High Resolution aGe-Thermistor for IR-Detection

This project deals with thermal infrared detectors (bolometers) based on the technology of thin-film amorphous germanium (aGe) thermistors and micromachined carriers existing at the research site. Bolometers with different thermistor design will be realized in the course of the project. A thorough characterisation of the thermistor samples will be carried out to clarify the sensitivity limiting fluctuation processes. Efforts to minimise their effect will be developed like new design rules and dimensioning rules for proper operating conditions, for example. Major enhancements of the bolometer sensitivity will be achieved through technological measures. A technology for floating backside contacts will be developed in order to reduce the sample impedance at low temperatures to moderate values.
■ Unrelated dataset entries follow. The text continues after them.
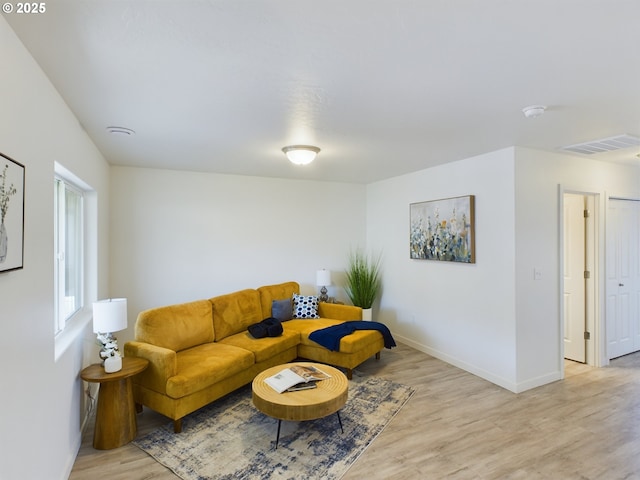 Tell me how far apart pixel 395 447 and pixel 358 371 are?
1.45 m

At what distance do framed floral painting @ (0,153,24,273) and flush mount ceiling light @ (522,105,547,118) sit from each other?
2.90 meters

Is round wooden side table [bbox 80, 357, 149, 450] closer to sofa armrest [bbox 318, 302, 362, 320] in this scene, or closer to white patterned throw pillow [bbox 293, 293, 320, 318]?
white patterned throw pillow [bbox 293, 293, 320, 318]

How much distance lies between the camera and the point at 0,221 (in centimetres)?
137

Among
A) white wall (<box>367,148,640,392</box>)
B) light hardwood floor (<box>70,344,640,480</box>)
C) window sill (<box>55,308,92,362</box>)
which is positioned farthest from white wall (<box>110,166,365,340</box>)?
light hardwood floor (<box>70,344,640,480</box>)

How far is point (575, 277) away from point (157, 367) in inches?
187

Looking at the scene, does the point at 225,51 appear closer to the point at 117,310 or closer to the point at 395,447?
the point at 117,310

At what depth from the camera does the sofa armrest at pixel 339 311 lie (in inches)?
179

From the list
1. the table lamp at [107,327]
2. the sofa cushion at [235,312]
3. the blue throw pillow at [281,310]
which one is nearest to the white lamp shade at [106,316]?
the table lamp at [107,327]

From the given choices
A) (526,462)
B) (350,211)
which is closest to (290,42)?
(526,462)

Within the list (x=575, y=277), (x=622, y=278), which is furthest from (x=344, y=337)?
Result: (x=622, y=278)

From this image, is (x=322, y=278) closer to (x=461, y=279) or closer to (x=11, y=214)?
(x=461, y=279)

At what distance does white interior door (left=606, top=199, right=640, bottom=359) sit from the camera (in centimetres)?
424

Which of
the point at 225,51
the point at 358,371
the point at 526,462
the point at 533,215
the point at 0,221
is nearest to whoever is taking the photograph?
the point at 0,221

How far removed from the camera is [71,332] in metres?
2.62
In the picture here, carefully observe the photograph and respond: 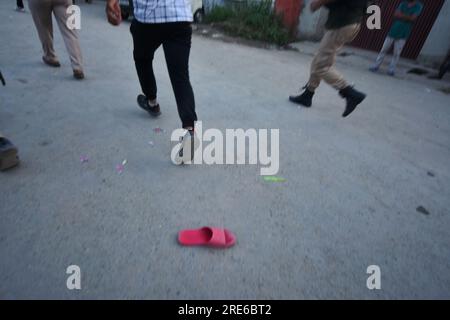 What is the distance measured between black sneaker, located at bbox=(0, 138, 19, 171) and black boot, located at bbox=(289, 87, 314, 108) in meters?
3.25

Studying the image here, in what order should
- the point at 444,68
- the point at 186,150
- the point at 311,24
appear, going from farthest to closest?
the point at 311,24, the point at 444,68, the point at 186,150

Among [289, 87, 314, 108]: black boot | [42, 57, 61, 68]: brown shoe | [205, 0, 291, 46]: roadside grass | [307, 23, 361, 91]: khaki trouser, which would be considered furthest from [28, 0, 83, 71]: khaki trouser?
[205, 0, 291, 46]: roadside grass

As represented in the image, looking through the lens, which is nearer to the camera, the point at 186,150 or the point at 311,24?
the point at 186,150

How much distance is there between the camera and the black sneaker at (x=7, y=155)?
6.91ft

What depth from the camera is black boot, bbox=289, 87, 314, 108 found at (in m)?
3.90

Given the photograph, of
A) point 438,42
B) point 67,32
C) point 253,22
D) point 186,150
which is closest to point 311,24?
point 253,22

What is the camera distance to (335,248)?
6.03 feet

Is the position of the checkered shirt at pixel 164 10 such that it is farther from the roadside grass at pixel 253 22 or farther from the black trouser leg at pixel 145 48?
the roadside grass at pixel 253 22

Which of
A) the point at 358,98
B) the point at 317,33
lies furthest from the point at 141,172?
the point at 317,33

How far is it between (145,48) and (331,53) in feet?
7.09

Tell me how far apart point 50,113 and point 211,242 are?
2376mm

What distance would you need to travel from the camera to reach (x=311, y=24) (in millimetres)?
8570

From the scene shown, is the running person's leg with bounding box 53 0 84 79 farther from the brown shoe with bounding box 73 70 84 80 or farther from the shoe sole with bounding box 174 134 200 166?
the shoe sole with bounding box 174 134 200 166

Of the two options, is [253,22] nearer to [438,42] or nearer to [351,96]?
[438,42] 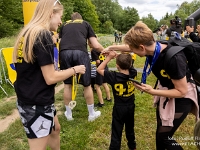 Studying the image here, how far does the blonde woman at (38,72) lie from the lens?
1.85 m

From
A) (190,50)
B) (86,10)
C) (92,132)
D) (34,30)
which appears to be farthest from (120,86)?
(86,10)

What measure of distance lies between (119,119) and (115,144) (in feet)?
1.10

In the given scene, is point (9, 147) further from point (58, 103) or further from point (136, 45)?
point (136, 45)

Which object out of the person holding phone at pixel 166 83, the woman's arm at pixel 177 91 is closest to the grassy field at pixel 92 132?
the person holding phone at pixel 166 83

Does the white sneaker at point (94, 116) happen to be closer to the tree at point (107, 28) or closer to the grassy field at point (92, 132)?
the grassy field at point (92, 132)

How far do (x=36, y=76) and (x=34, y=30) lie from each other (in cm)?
40

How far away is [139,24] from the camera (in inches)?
85.7

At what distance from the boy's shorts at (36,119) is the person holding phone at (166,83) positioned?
3.26 ft

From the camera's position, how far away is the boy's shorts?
6.66ft

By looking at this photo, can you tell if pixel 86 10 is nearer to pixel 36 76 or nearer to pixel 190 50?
pixel 190 50

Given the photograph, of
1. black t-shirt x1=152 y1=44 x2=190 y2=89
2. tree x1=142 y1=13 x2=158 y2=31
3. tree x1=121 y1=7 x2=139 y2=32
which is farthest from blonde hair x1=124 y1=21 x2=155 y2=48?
tree x1=142 y1=13 x2=158 y2=31

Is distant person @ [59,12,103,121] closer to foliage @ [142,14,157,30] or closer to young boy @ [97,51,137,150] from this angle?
young boy @ [97,51,137,150]

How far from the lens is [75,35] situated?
12.4ft

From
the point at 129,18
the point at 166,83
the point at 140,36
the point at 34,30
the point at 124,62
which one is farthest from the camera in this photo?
the point at 129,18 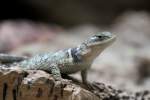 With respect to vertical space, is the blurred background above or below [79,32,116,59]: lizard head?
above

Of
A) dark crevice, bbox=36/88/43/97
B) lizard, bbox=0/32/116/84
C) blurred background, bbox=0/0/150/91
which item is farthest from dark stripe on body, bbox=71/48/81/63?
blurred background, bbox=0/0/150/91

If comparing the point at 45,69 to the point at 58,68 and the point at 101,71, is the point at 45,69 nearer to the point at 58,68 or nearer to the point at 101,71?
the point at 58,68

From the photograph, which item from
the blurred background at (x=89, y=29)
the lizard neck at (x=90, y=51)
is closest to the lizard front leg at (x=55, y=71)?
the lizard neck at (x=90, y=51)

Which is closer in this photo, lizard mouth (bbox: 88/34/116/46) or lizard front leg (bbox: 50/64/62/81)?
lizard front leg (bbox: 50/64/62/81)

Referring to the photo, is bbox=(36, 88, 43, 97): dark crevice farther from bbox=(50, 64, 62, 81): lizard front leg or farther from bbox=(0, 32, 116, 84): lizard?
bbox=(0, 32, 116, 84): lizard

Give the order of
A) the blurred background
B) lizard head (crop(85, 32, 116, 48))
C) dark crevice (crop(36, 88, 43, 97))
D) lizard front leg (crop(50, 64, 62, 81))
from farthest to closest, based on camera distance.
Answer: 1. the blurred background
2. lizard head (crop(85, 32, 116, 48))
3. lizard front leg (crop(50, 64, 62, 81))
4. dark crevice (crop(36, 88, 43, 97))

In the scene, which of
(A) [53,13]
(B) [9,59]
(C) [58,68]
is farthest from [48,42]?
(C) [58,68]

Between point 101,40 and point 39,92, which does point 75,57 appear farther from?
point 39,92

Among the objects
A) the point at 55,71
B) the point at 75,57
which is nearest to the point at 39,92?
the point at 55,71

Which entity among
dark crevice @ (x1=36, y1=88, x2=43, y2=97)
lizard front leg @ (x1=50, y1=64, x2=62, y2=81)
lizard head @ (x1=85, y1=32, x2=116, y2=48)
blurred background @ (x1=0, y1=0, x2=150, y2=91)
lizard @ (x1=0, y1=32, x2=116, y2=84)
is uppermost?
blurred background @ (x1=0, y1=0, x2=150, y2=91) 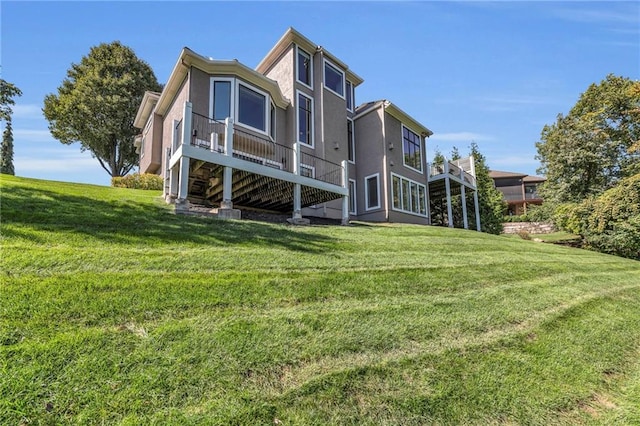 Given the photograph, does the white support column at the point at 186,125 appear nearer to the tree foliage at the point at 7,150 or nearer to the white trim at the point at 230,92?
the white trim at the point at 230,92

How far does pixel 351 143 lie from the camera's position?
55.5 ft

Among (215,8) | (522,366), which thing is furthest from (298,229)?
(215,8)

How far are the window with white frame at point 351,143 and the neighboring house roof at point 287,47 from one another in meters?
2.65

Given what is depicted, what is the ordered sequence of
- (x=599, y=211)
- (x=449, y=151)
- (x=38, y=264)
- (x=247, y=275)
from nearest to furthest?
(x=38, y=264)
(x=247, y=275)
(x=599, y=211)
(x=449, y=151)

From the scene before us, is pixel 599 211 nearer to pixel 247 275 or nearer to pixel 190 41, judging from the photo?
pixel 247 275

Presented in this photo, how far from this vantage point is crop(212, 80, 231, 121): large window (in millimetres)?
11742

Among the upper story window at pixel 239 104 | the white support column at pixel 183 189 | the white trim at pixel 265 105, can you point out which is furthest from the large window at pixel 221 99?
the white support column at pixel 183 189

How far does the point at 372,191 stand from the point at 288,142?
15.7 ft

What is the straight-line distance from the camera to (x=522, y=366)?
353 cm

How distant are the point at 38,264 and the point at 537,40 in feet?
43.8

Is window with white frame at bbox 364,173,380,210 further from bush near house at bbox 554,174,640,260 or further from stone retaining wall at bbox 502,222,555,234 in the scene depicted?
stone retaining wall at bbox 502,222,555,234

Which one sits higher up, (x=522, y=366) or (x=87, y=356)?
(x=87, y=356)

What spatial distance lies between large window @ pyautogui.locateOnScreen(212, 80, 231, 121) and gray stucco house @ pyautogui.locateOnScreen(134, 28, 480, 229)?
36 mm

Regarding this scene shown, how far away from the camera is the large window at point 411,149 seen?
17641mm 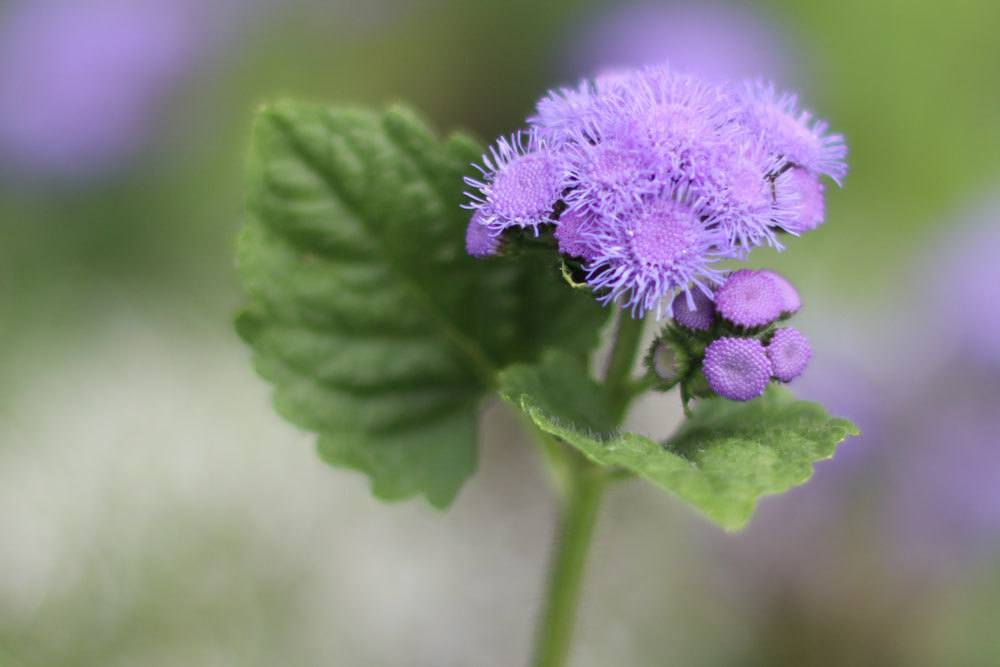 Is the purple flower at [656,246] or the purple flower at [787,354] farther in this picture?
the purple flower at [787,354]

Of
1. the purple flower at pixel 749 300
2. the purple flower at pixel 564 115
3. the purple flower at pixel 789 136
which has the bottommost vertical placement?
the purple flower at pixel 749 300

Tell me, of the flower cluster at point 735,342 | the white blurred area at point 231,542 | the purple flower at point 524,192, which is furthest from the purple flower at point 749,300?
the white blurred area at point 231,542

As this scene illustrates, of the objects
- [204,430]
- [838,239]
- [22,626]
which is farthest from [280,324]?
[838,239]

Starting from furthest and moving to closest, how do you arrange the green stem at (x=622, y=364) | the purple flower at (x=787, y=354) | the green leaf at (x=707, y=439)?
the green stem at (x=622, y=364) < the purple flower at (x=787, y=354) < the green leaf at (x=707, y=439)

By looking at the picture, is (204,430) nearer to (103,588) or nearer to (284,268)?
A: (103,588)

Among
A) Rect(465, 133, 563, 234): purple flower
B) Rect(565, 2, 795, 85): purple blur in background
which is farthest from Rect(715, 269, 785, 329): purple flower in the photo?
Rect(565, 2, 795, 85): purple blur in background

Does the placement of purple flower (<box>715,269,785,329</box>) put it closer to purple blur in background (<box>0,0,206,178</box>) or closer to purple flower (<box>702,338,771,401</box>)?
purple flower (<box>702,338,771,401</box>)

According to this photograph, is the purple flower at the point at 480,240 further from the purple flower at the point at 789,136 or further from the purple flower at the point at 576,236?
the purple flower at the point at 789,136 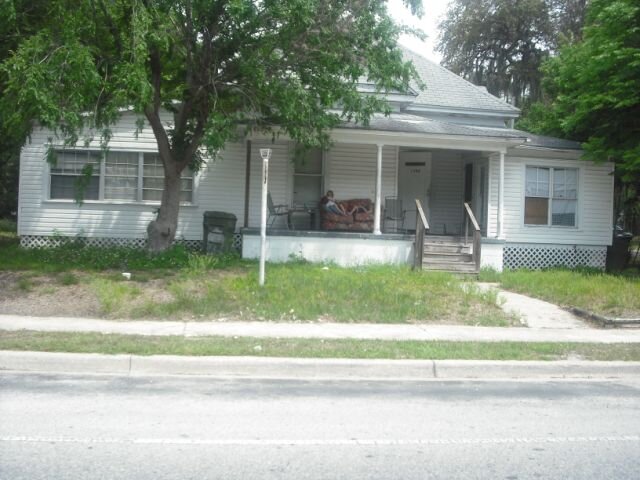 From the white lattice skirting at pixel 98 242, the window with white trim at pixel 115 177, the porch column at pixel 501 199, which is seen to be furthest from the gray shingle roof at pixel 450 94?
the window with white trim at pixel 115 177

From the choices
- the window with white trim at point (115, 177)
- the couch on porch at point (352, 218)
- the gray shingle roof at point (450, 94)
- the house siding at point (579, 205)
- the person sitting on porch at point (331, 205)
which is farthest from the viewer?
the gray shingle roof at point (450, 94)

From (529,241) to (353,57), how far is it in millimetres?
8587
The thermal parameters of the thermistor will be optimised by a proper design of the device and careful selection of the construction materials used for the membrane suspension. A screening of commercial available silicon nitride wafer passivating layers with respect to their mechanical properties built-in stress as well as new modifications of the low temperature CVD process for the thermistor passivation will help to decrease the supporting layer thickness to the lowest practical value. The realization and comparison of different types of resistance bolometer samples based on aGe is one main goal of the project. The infrared detection properties of the samples will be investigated at room temperature in ambient air as well as below room temperature down to 77 K in high vacuum environment. An evaluation of the sensitivity limits for different thermistor constructions and their dependence on the operating conditions (temperature, thermal boundary conditions, electrical bias) is planned. By these measures IR detectors which may exceed the state of the art can be expected as a result of the project.

The project was dedicated to the development of an infrared radiation sensor, called resistance bolometer. The transduction of radiation energy is here performed in two steps. First radiation is absorbed by the structure which leads to a slight raise of the detector temperature. This temperature variation is converted into an electrical signal using a thermistor, i.e., a temperature dependent electrical resistor. This device is decisive for the achievable sensitivity, which depend mainly on three main noise contributions. These comprise the thermal noise caused by the "Brownian motion" of electrons in matter, temperature fluctuations of tiny bodies, and random fluctuations of the electrical conductivity of the resistor material. Only the last property can be minimized by advances of technology. Within the frame of the project very low noise thermistors are created. The developed sensor device is based on a thin layer of the semiconducting element germanium, which is evaporated onto a substrate in high vacuum under carefully controlled deposition conditions. The second challenge for the developer is an efficient conversion of irradiated power into distinct temperature changes. As a rule of thumb the radiation absorber has to have as little as possible heat capacitance. This goal is achieved using techniques known from modern microelectronics in conjunction with high tech micromachining of single crystal silicon chips. The achieved specifications of the devices developed in the frame of the project are state of the art.